The example images. (a) Gravel (b) Couple (c) House (d) Boat (e) Toy Vehicle (f) Grass.

Results of noise variance estimation

For decades, many noise variance estimation methods have been proposed. Among them, the representative ones are Donoho robustness estimation31, local image block noise variance distribution analysis32, PCA-based noise variance estimation33, Laplace-based noise variance estimation34, and noise level estimation using weak textured patches (WTPS)35, which are used for comparative experiments. The comparison results are shown in Table 3, and the following conclusions are drawn from the experimental results:

  1. (1)

    Among the numerous estimation methods, the PCA-based noise variance estimation method and the proposed method perform well in various situations. Although the proposed method improves the accuracy of the estimation, the error still exists. The estimation method still needs further research.

  2. (2)

    Since the gray level of the image is limited, when the noise variance is too large, the polluted pixel value will exceed the maximum gray level, but the limitation of the gray level makes this part of the noise not manifested in the image. Therefore, the noise in the simulation experiment is sometimes not fully manifested. This part of the noise is difficult to estimate accurately.

  3. (3)

    If there is an image with a lot of contour and texture details, and less flat areas. When the noise value is low, the multi-layer wavelet decomposition does not distinguish the high-frequency information and noise of the image very well, and the obtained image approximates that only the first layer of information is available, so the obtained results are the same as the PCA-based estimation method.

Table 3 The results of various noise-variance estimation methods.

The PCA-based estimation method has a good performance when the noise variance value is not high. In order to improve the efficiency of the proposed estimation method, we can directly use the PCA-based estimation method results when the noise variance value is lower than a certain threshold (the threshold is 1/0.6745 = 14.8).
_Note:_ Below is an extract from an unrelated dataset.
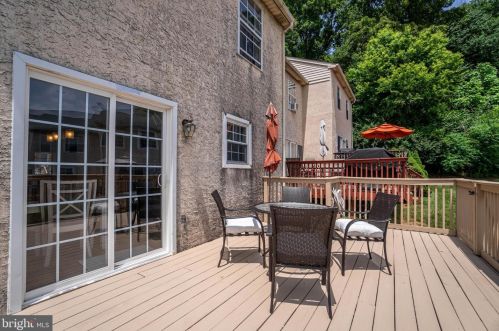 627 Coates Ln, Norristown PA  19406-2558 exterior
Results of block-matching domain transformation filtering

In this section, we compare the denoising results of the proposed method and BM3D, the denoising results include basic estimation and final estimation. The results of basic estimation verify the performance of the block-matching domain transformation filtering, and the results of final estimation verify the performance of the wiener filter and the improved guided filter. The smoothing factor \({\lambda }_{TV}\) of the improved guided filtering is set to − 0.1 for convenience. In experiments, we also compare the denoising results obtained using accurate noise variance values and noise variance estimates to demonstrate the impact of estimation errors. In this section, we mainly discuss the performance of block-matching domain transformation filtering. The experimental results are shown in Table 4, and the following conclusions are drawn:

  1. (1)

    The proposed method has better denoising performance in both basic estimation and final estimation, and the final estimation proves that the improved guided filtering can effectively preserve image information while denoising.

  2. (2)

    The noise is easily confused with the texture, contour and other details of the image, and it is difficult to remove noises in these areas. The improved guided filtering also inevitably damages image information while denoising.

Table 4 The comparison of denoising results between BM3D and the proposed.

Part of the denoised image is shown in Fig. 8. It can be seen that BM3D suffers from halo artifacts. Although the proposed method reduces the halo artifacts, it also causes over-smoothing of the image. This issue deserves further research and improvement.

Figure 8
figure 8

The comparison of denoised images between BM3D and the proposed (\({\sigma }^{2}=35\), The left is the noise image, the middle is the BM3D denoised image, and the right is the denoised image of the proposed method) (a) couple (b) Boat (c) House (d) Toy Vehicle.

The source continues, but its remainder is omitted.